## Exercise details
After locating the line with "Kitesurfen auf Wellen" in the entries below, output it and each following line up to and including the line with "The cabin is", exactly and without pictures.

## Entries provided

++++++

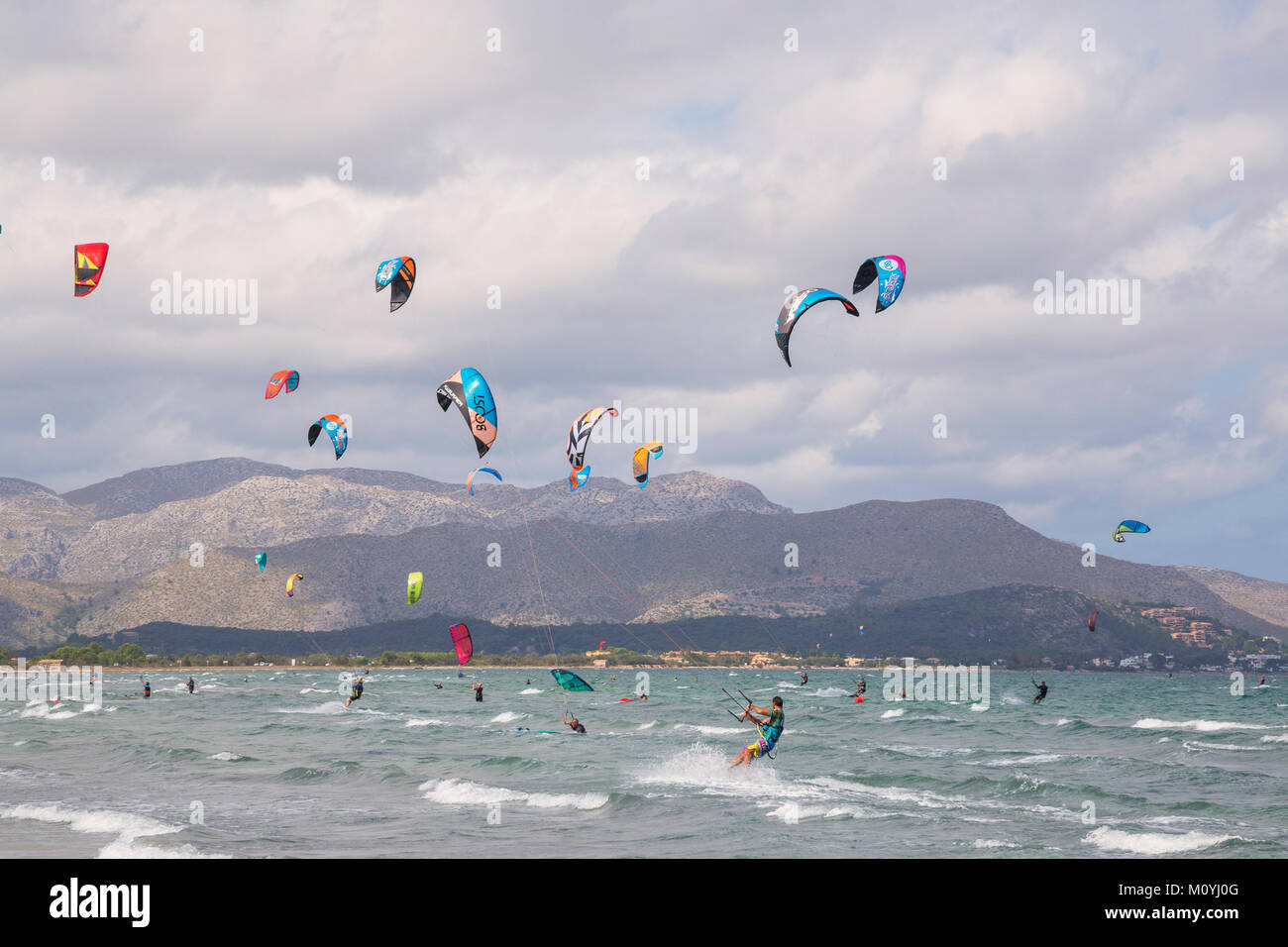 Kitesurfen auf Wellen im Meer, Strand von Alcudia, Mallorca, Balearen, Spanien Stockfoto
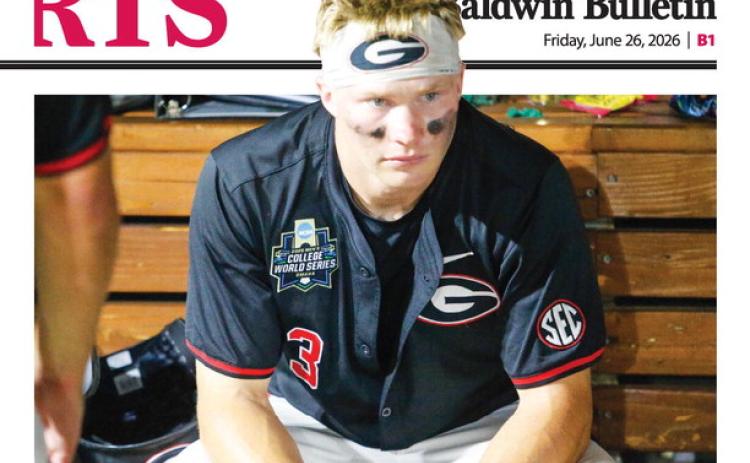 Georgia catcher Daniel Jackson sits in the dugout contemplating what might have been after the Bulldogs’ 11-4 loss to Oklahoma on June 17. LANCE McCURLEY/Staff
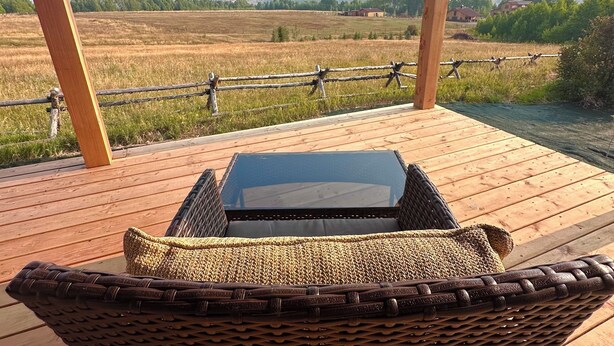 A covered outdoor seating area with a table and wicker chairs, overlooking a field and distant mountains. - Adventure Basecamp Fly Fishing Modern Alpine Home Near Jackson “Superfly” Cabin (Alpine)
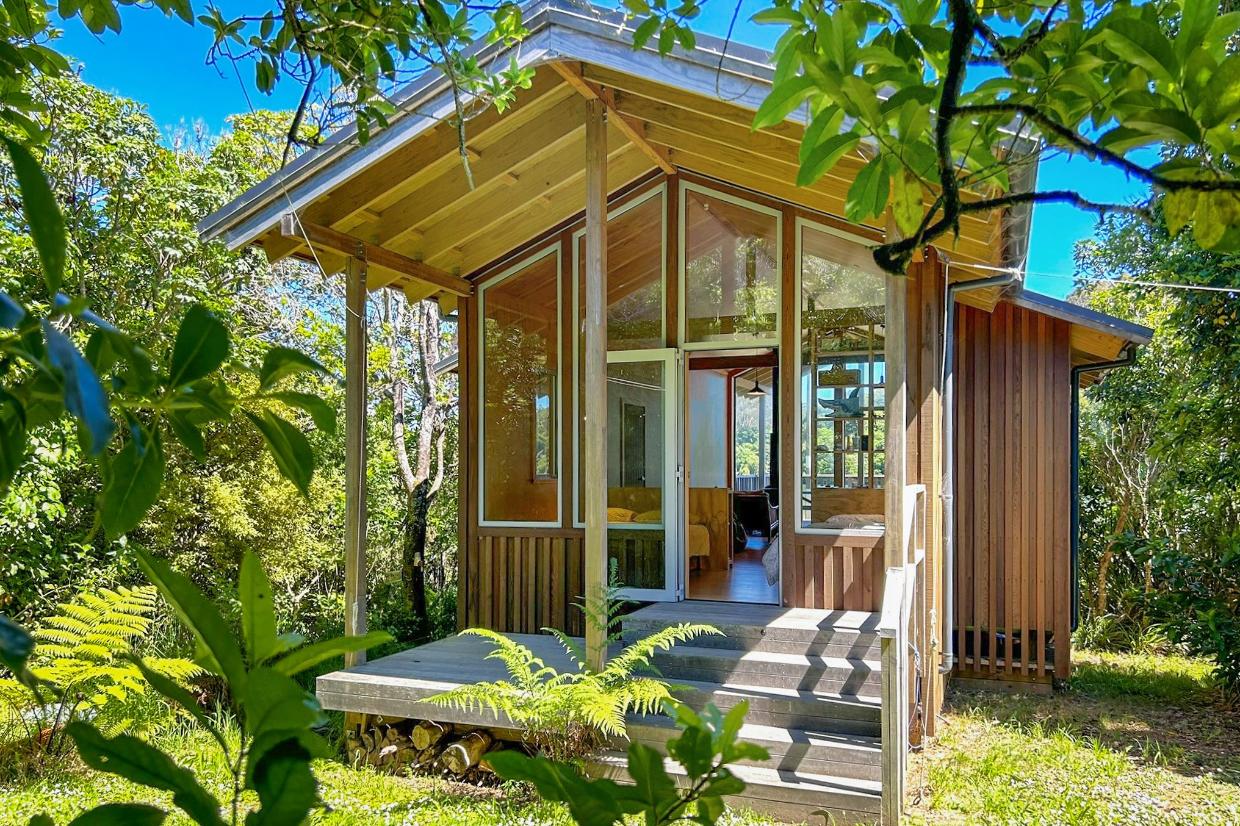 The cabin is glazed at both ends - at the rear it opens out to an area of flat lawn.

++++++

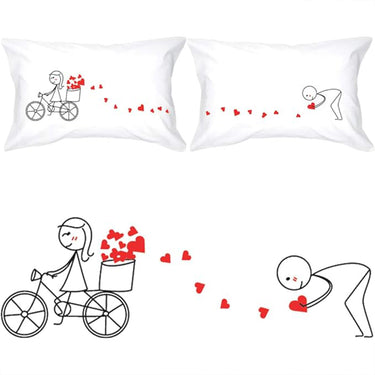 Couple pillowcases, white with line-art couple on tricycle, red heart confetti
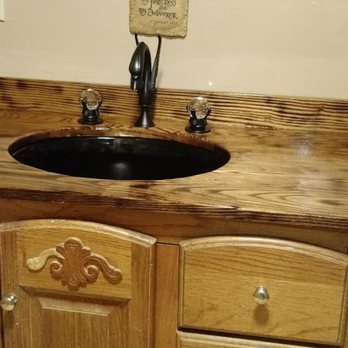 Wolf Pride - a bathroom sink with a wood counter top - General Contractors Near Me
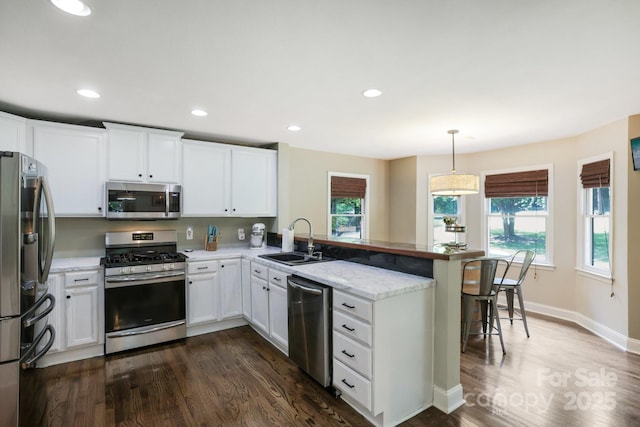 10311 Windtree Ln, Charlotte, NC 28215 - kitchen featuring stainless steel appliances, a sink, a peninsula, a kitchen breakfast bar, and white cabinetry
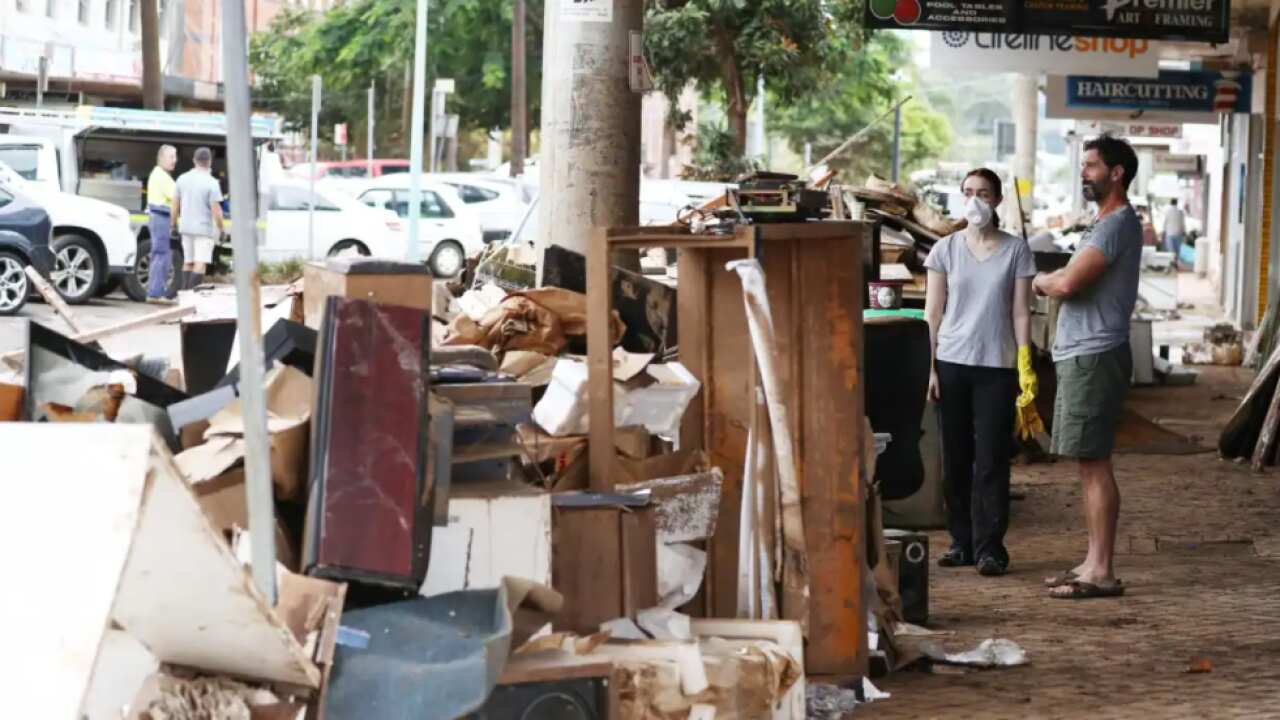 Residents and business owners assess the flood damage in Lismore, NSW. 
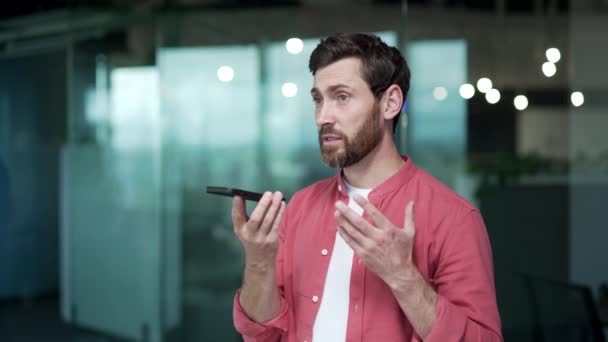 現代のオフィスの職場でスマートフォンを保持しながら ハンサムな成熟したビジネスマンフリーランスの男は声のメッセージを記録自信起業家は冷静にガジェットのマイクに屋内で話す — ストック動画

++++++

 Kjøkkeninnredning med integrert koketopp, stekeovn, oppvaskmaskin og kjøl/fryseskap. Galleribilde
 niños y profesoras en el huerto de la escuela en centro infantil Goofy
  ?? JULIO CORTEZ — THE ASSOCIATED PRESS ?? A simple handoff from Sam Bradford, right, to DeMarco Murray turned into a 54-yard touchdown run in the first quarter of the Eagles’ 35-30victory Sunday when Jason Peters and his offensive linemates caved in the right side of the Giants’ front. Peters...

++++++

## Response
 Kitesurfen auf Wellen im Meer, Strand von Alcudia, Mallorca, Balearen, Spanien Stockfoto
 Georgia catcher Daniel Jackson sits in the dugout contemplating what might have been after the Bulldogs’ 11-4 loss to Oklahoma on June 17. LANCE McCURLEY/Staff
 A covered outdoor seating area with a table and wicker chairs, overlooking a field and distant mountains. - Adventure Basecamp Fly Fishing Modern Alpine Home Near Jackson “Superfly” Cabin (Alpine)
 The cabin is glazed at both ends - at the rear it opens out to an area of flat lawn.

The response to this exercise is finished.